DATASET CONTENT:
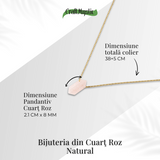 Colier din Cuart Roz Natural cu Pandantiv Fatetat Hexagonal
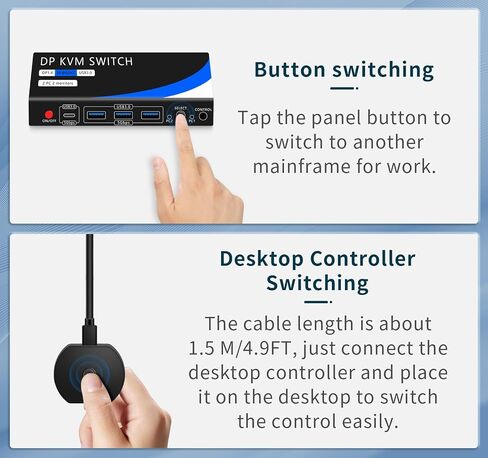 KVM Switch hdmi 1 Monitors 2 Computers 4K@60Hz,usb3.0 Devices Keyboard Mouse Printer USB switcher,2 Computers one Monitor Switch,with Desktop Controller Button switches in Saudi Arabia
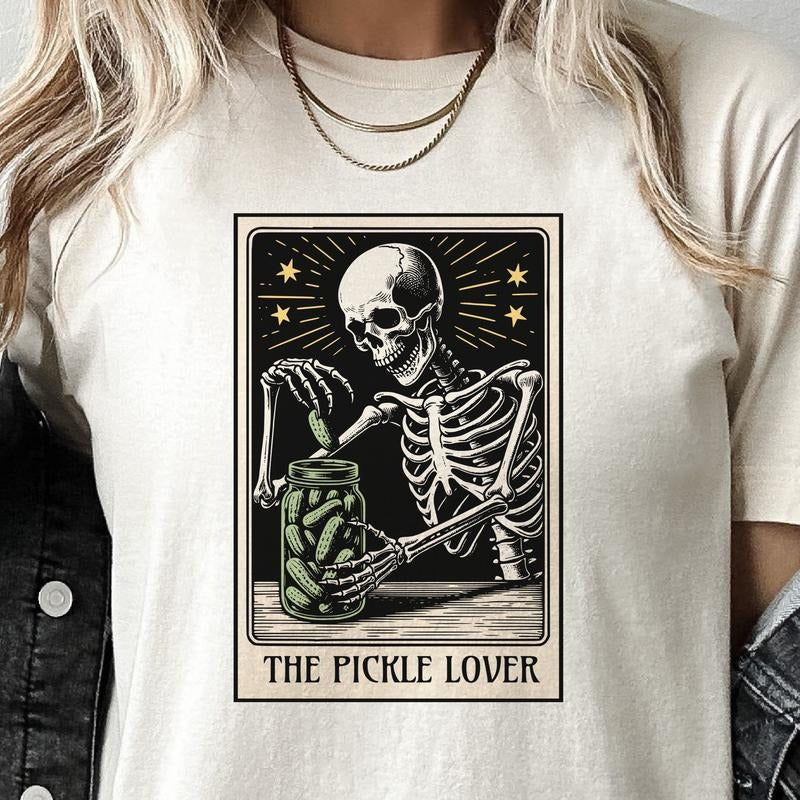 Tarot Card Tshirts The Pickle Lover Tee Food taco t-shirt boba tea shirt pizza Tee hot dog taco tuesday T-shirt Skull...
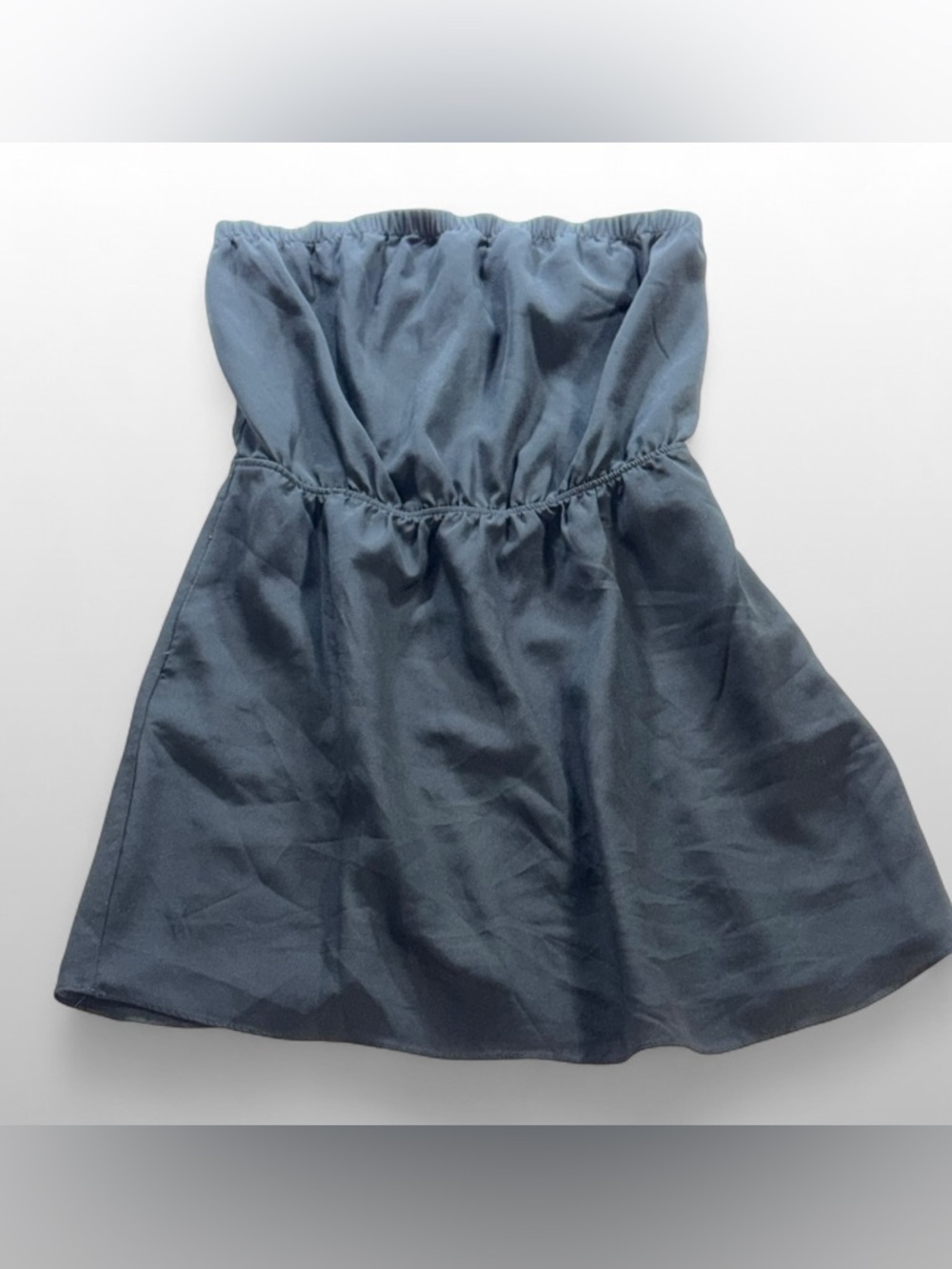 Express Strapless Satin Mini Dress Black Elastic Waist Flowy Party Cocktail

ASSIGNMENT: Copy word for word every line from the start of the material through the line holding "KVM Switch hdmi". The pictures are not part of the copy.

RESULT BELOW:
 Colier din Cuart Roz Natural cu Pandantiv Fatetat Hexagonal
 KVM Switch hdmi 1 Monitors 2 Computers 4K@60Hz,usb3.0 Devices Keyboard Mouse Printer USB switcher,2 Computers one Monitor Switch,with Desktop Controller Button switches in Saudi Arabia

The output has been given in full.